##### Collected material #####

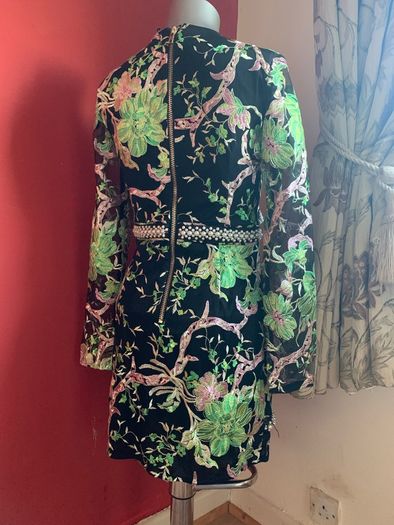 PLT brand new dress with pearl details size 10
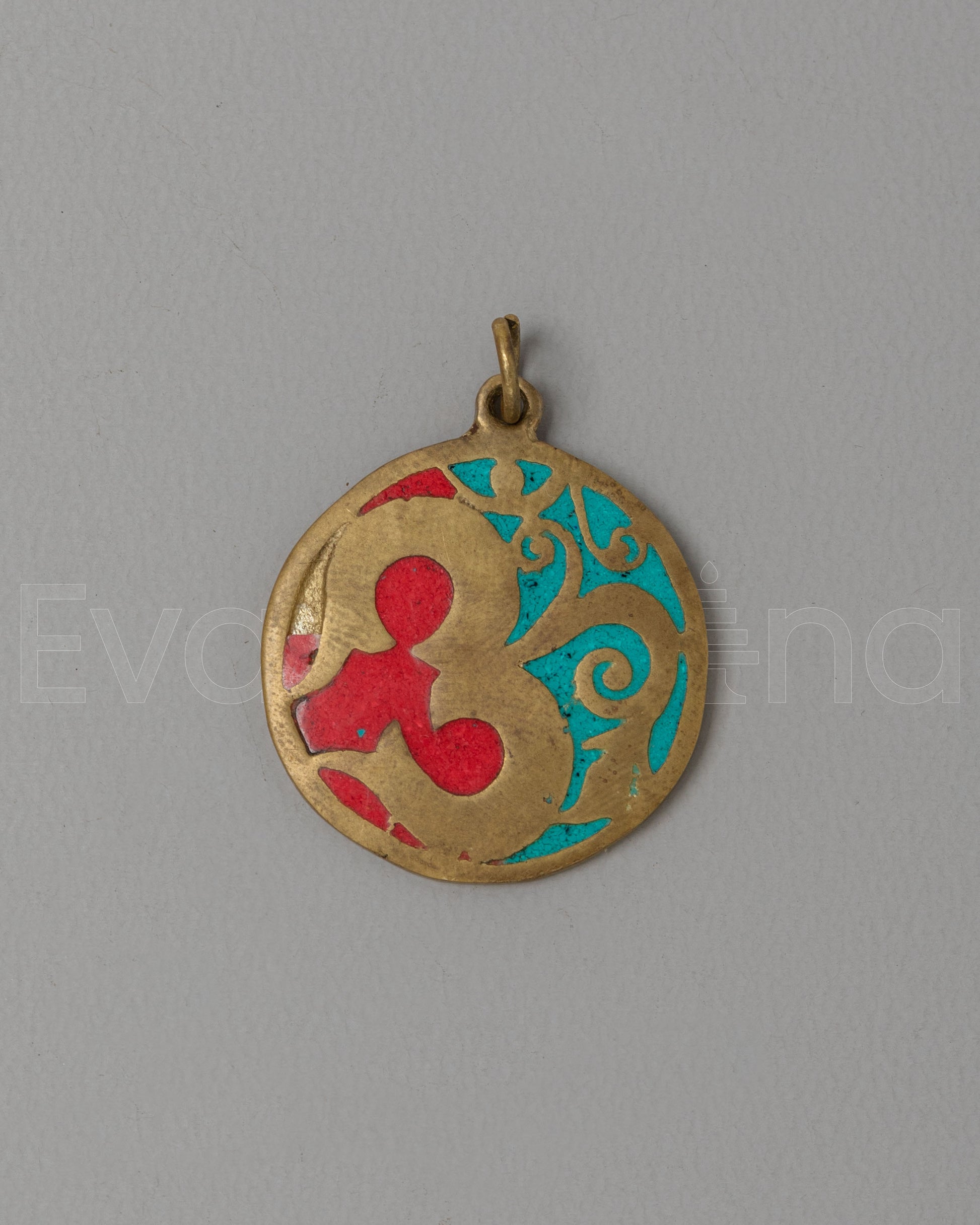 Handcrafted Om Pendent 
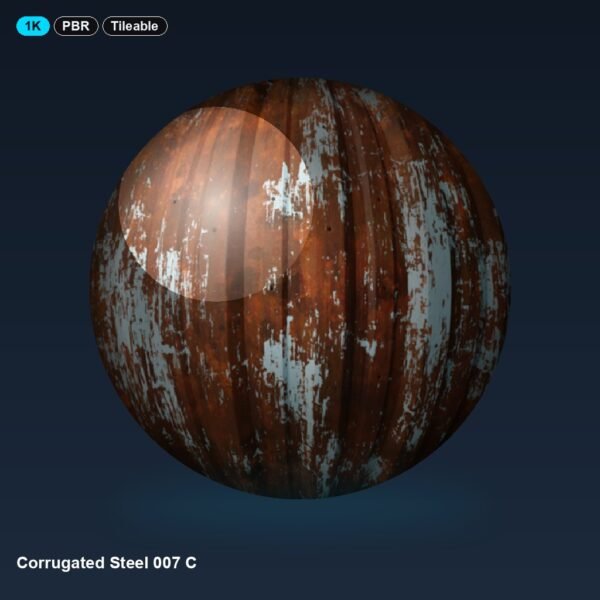 Corrugated Steel 007 C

#####

- Exercise prompt
Transcribe the material as is, with images omitted.

- Written response
 PLT brand new dress with pearl details size 10
 Handcrafted Om Pendent 
 Corrugated Steel 007 C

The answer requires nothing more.